[Start of section]

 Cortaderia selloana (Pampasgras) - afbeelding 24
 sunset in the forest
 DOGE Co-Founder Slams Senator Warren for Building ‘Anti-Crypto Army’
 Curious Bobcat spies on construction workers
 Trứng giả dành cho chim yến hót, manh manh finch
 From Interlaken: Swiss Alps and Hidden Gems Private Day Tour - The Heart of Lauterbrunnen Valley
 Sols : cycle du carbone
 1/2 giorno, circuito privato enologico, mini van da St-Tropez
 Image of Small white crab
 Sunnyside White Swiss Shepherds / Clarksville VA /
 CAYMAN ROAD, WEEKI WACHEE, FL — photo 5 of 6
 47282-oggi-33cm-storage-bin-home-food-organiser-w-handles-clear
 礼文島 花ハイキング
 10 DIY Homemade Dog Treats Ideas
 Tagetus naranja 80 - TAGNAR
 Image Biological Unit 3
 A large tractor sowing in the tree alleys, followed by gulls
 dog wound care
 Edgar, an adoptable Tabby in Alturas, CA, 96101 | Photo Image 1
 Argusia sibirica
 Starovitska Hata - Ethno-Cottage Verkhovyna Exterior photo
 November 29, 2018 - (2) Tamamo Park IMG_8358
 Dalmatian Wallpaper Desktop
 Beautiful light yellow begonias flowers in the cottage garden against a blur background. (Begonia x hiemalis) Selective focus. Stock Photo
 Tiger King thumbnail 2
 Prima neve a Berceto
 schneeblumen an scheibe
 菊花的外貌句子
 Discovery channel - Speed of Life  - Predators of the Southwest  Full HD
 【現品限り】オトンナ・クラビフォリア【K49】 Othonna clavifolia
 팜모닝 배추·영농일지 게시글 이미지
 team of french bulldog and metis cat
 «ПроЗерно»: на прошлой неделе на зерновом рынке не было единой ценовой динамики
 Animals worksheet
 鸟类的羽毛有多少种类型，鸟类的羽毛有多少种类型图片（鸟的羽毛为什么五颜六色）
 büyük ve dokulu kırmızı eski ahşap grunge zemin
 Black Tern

[End of section]

Problem details »
Please write out, exactly as they appear, only the lines from the one holding "From Interlaken: Swiss" through the end of the data.

Response box »
 From Interlaken: Swiss Alps and Hidden Gems Private Day Tour - The Heart of Lauterbrunnen Valley
 Sols : cycle du carbone
 1/2 giorno, circuito privato enologico, mini van da St-Tropez
 Image of Small white crab
 Sunnyside White Swiss Shepherds / Clarksville VA /
 CAYMAN ROAD, WEEKI WACHEE, FL — photo 5 of 6
 47282-oggi-33cm-storage-bin-home-food-organiser-w-handles-clear
 礼文島 花ハイキング
 10 DIY Homemade Dog Treats Ideas
 Tagetus naranja 80 - TAGNAR
 Image Biological Unit 3
 A large tractor sowing in the tree alleys, followed by gulls
 dog wound care
 Edgar, an adoptable Tabby in Alturas, CA, 96101 | Photo Image 1
 Argusia sibirica
 Starovitska Hata - Ethno-Cottage Verkhovyna Exterior photo
 November 29, 2018 - (2) Tamamo Park IMG_8358
 Dalmatian Wallpaper Desktop
 Beautiful light yellow begonias flowers in the cottage garden against a blur background. (Begonia x hiemalis) Selective focus. Stock Photo
 Tiger King thumbnail 2
 Prima neve a Berceto
 schneeblumen an scheibe
 菊花的外貌句子
 Discovery channel - Speed of Life  - Predators of the Southwest  Full HD
 【現品限り】オトンナ・クラビフォリア【K49】 Othonna clavifolia
 팜모닝 배추·영농일지 게시글 이미지
 team of french bulldog and metis cat
 «ПроЗерно»: на прошлой неделе на зерновом рынке не было единой ценовой динамики
 Animals worksheet
 鸟类的羽毛有多少种类型，鸟类的羽毛有多少种类型图片（鸟的羽毛为什么五颜六色）
 büyük ve dokulu kırmızı eski ahşap grunge zemin
 Black Tern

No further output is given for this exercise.